PARQUET-41: Add bloom filters to parquet statistics
It's the PR in mr part.
@spena @rdblue Could you help me review this patch? Thank you!
It's looking good Ferd.
Here are some questions I have.
- Should we use fall back for bloom filters in case the bloom is not good for the row group? Dictionary encoding does this.
- If a value is found on the dictionary, is there a way to skip the bloom hashing for better write perf? And add the values to the bloom in case they are fallen back?
- Is there a way to calculate the # of expected entries instead of asking the user to pass a value?
Hi @spena Please see my inline comments below. Thank you! (Sorry for some delays since I am taking a holiday :<)
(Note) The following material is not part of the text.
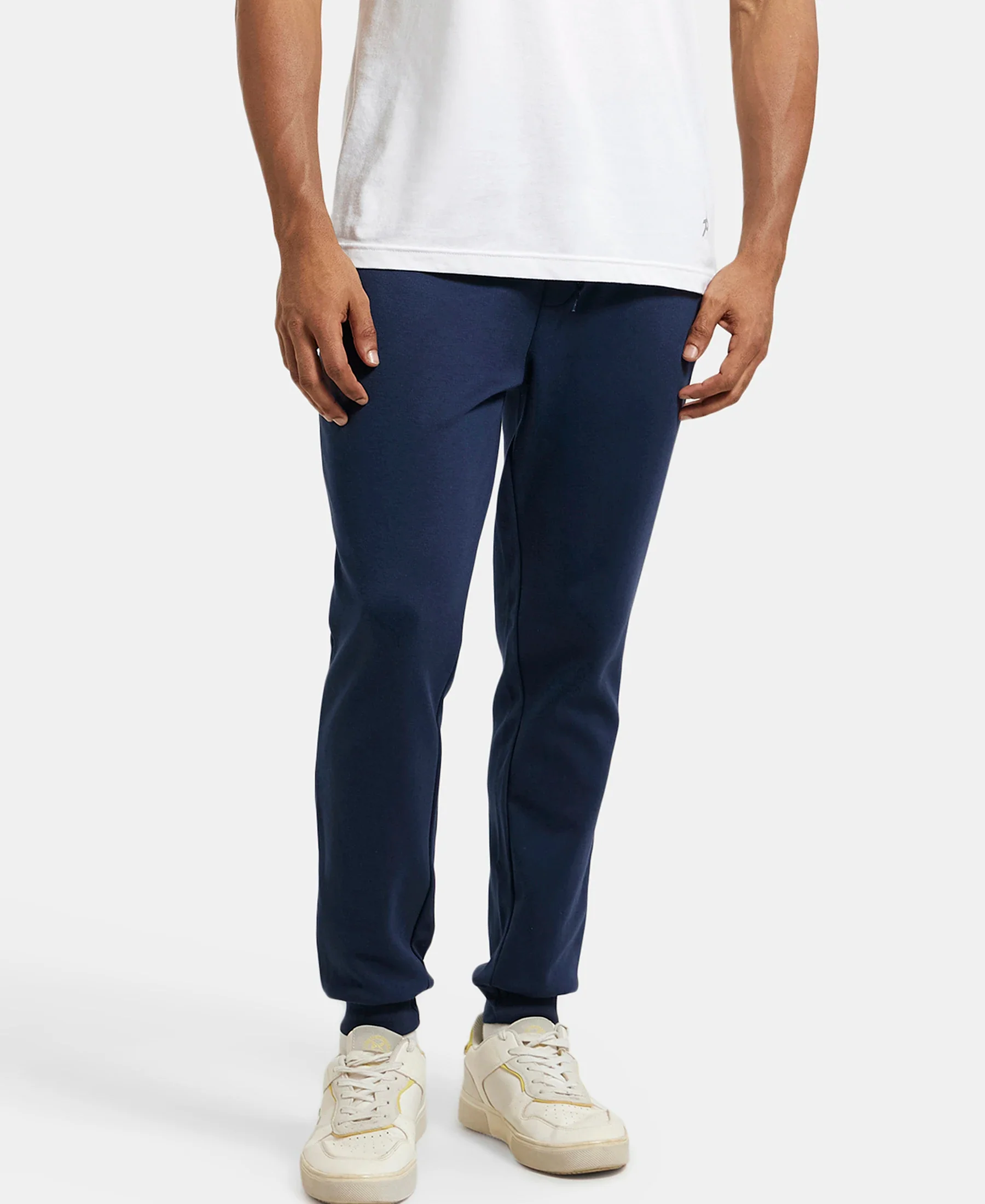 Super Combed Cotton Rich Slim Fit Jogger with Zipper Pockets - Navy - Image 5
Should we use fall back for bloom filters in case the bloom is not good for the row group? Dictionary encoding does this.
At this point, I didn't add the support for fall back. If it's really useful, I think we could do it in a follow-up ticket.
If a value is found on the dictionary, is there a way to skip the bloom hashing for better write perf? And add the values to the bloom in case they are fallen back?
The bloom filter is used to filter a entire row group in the same way as min/max statistics. I am not very familiar with dictionary encoding in parquet. But I think it should be used before dictionary encoding.
Is there a way to calculate the # of expected entries instead of asking the user to pass a value?
I tried to think about a way to calculate it but didn't come up with a good idea. But I think nobody understands the data better than the person who uses it.